Stem Cell Basics
What are Stem Cells?
Stem cells are cells from which all other cells in the body are created. Not only do they divide into new stem cells in a process of self-regeneration, but stem cells also have the ability to differentiate into special cells that perform very specific duties. For example, stem cells can differentiate into heart cells, bone cells, blood cells, or brain cells. The ability to regenerate and to differentiate makes stem cells unique. It also makes stem cells a prime target for researchers who are interested in how the human body works, develops, and repairs itself.
Stem Cell Potential to Cure Disease
Stem cell research has opened the door to exciting and up-and-coming information about the human physical condition.
•- Researchers study the stem cell development into specialized cells in order to better understand how various diseases and conditions occur.
•- Stem cell researchers try to manipulate stem cell differentiation with the hope of transplanting healthy stem cells into human beings whose cells are damaged or diseased.
•- Researchers use stem cells to test the safety and effectiveness of various medications. If stem cells in the lab react well to new drugs and the drugs have the desired effect, they can potentially be used in humans to cure diseases.
Types of Stem Cells
There are several types of stem cells, each named after their source.
Embryonic stem cells come from very young embryos called blastocysts which contain up to 150 cells.

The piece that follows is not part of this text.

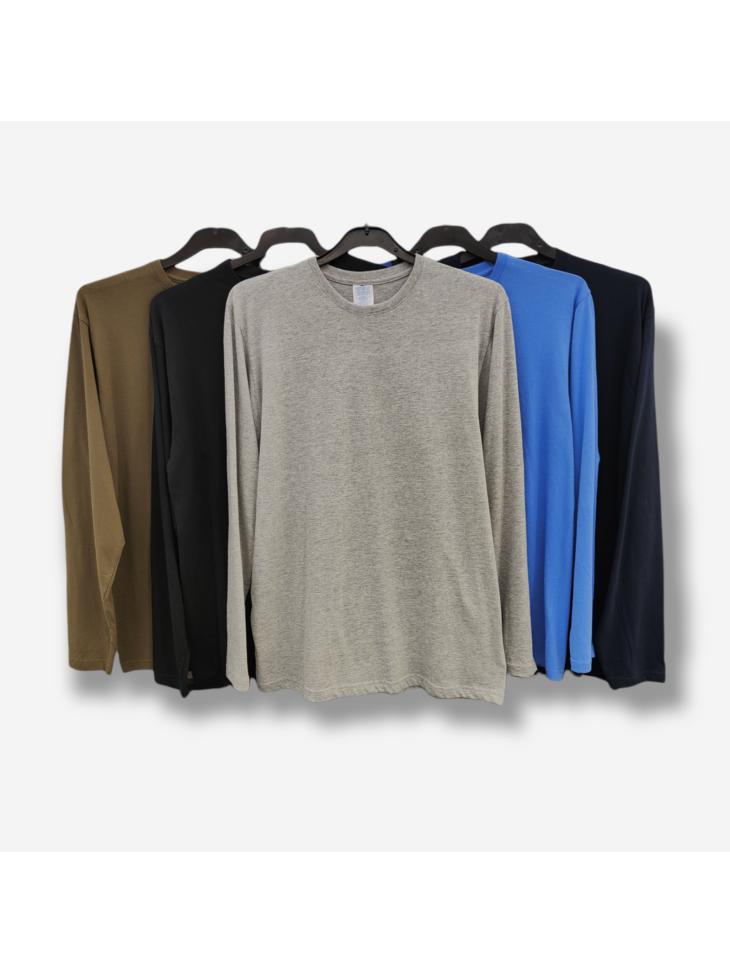CAMISETA BÁSICA DE MANGA LARGA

Embryonic stem cells can divide into more stem cells or they can differentiate and become specialized cells in any part of the body. Also known as pluripotent stem cells, versatile embryonic stem cells have the greatest potential for use in human beings.
Adult stem cells are mainly found in the bone marrow, however they are also found in umbilical cords and in children. Unlike embryonic stem cells, adult stem cells are limited in the types of cells they can differentiate into. Until recently, for example, researchers believed that adult stem cells in the bone marrow could only develop into blood cells (red blood cells, white blood cells, and platelets). However new evidence is emerging indicating that adult stem cells may be more versatile than previously thought, and stem cell researchers are currently investigating the full potential of adult stem cells. Research is also underway to determine if scientists can alter the genes in regular adult cells and turn them into stem cells that can be manipulated into behaving like embryonic stem cells.
Amniotic fluid stem cells are located in the sac that surrounds the growing fetus in the uterus. Doctors draw amniotic fluid from pregnant women in a process called amniocentesis in order to test for fetal maturity and for potential abnormalities such as Downs Syndrome. Stem cell researchers are studying amniotic fluid stem cells in order to determine their full potential.
Embryonic Stem Cell Controversy
Since embryonic stem cells are derived from early-stage embryos and since the removal of stem cells destroys the embryos, many pro-life advocates and others who believe that the embryo even at this early stage constitutes a human being claim that the extracting of embryonic stem cells constitutes murder. Conversely, the alternative viewpoint claims that the young embryo is too underdeveloped to be considered a human being. In light of these significant ethical issues, studies exploring the greater range of adult stem cells have become even more urgent and are currently underway.